87 pointsposted a month ago
by signa11

15 Comments

mrkeen

a month ago

  public V get(Object key) { synchronized (mutex) { ... } }
  public V put(K key, V value) { synchronized (mutex) { ... } }
  public V remove(Object key) { synchronized (mutex) { ... } }
> From a correctness standpoint, this strategy is almost trivial to reason about.

It is indeed trivial to reason about. This design invites users to stumble into the race condition between get and set.

PaulHoule

a month ago

What a good transactional API is like is an interesting question.

   public void modify(K key, Function<Optional<V>,Optional<V>> modifier)
or something along those lines covers the race of a single value being changed out from under you, but if you want to update one or more keys you might want

   public void modifyMany(Set<K> key, Consumer<Map<K,V>> modifier)
where the modifier gets passed a modifiable view that has just the keys in the set.

There is also the Clojure-style immutable API for maps though I can say I never really enjoyed working with that the way I enjoyed immutable lists (which are Lispier than Lisp: I went through all the stages of grief reading On Lisp and couldn't help think "If he was using Clojure he wouldn't be struggling with nconc)

mrkeen

a month ago

STM containers does it right.

  lookup :: k -> Map K v -> STM (Maybe v)
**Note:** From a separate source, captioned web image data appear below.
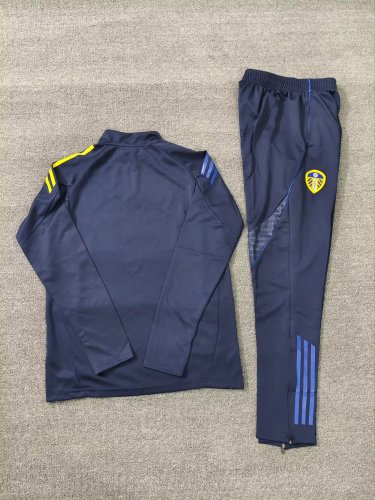 25-26 Leeds United Half Pull Training Uniform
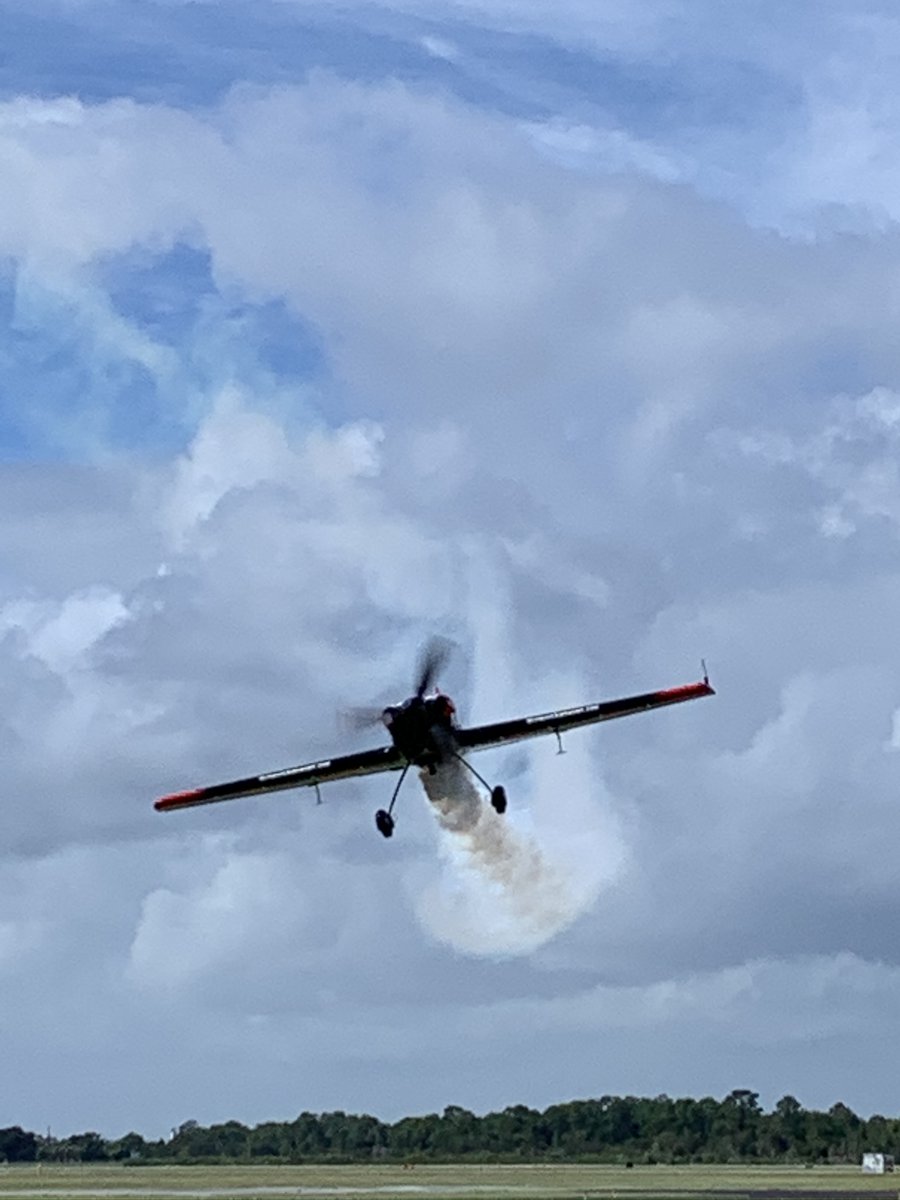 AirShow_360's tweet photo. Coming in close with @RobHollandMX2 on Friday's rehearsal for @StuartAirShow!

#weloveairshows #robholland #aerobaticflight #flygooddontsuck https://t.co/tRyaOqWJMX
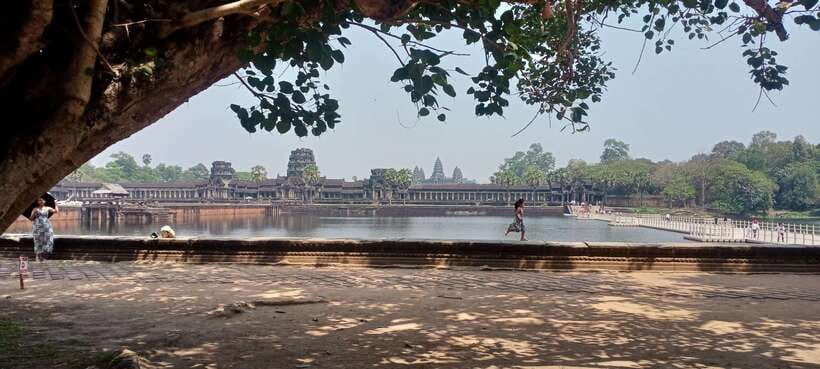 1-Day private Angkor Temple Tour from Siem Reap - Short stops and the value of a private schedule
  insert :: v -> k -> Map K v -> STM ()
It won't execute until you wrap it with atomically, so you're forced to be explicit about whether these things should happen in one logical step or separately.

https://hackage-content.haskell.org/package/stm-containers/d...

user

a month ago

[deleted]

eterm

a month ago

There's a design in the .NET ConcurrentDictionary that is even more inviting:

  GetOrAdd(TKey, Func<Tkey,TValue> )
This lets you specify a key, and a method to run to generate a value to store if the key does not exist.

This is thread-safe, however it is not atomic much to the surprise of many that use it.

If you wrongly assume that the factory method can only execute once, you fall into a trap, since it actually can execute many times before the result is stored.

This can cause a problem if you use it for caching, because you might for example put an expensive calculation you want to cache there, only to find out cache expiration causes a stampede as the factory suddenly executes a lot at once.

the-smug-one

a month ago

I don't see the problem at all, tbh. Both `get(K); put(K);` and `put(K); get(K);` are valid execution traces on a uniprocessor.

mrkeen

a month ago

Oh yeah, I'm not sure what an execution trace is, but ConcurrentHashMap is indeed fit-for-purpose for single-threaded use.

nickmonad

a month ago

Would love to read this, although I'm seeing some pretty horrific code formatting issues in both Firefox and Chrome.

ramon156

a month ago

weirdest part is, the initial load looks fine (try refreshing, scroll persists).

firefox's reader view helps too

manwe150

a month ago

I saw a blog about this yesterday: disable extensions (notably 1Password) to fix formatting inside code tags.

pama

a month ago

Looks decent on iPhone safari FWIW.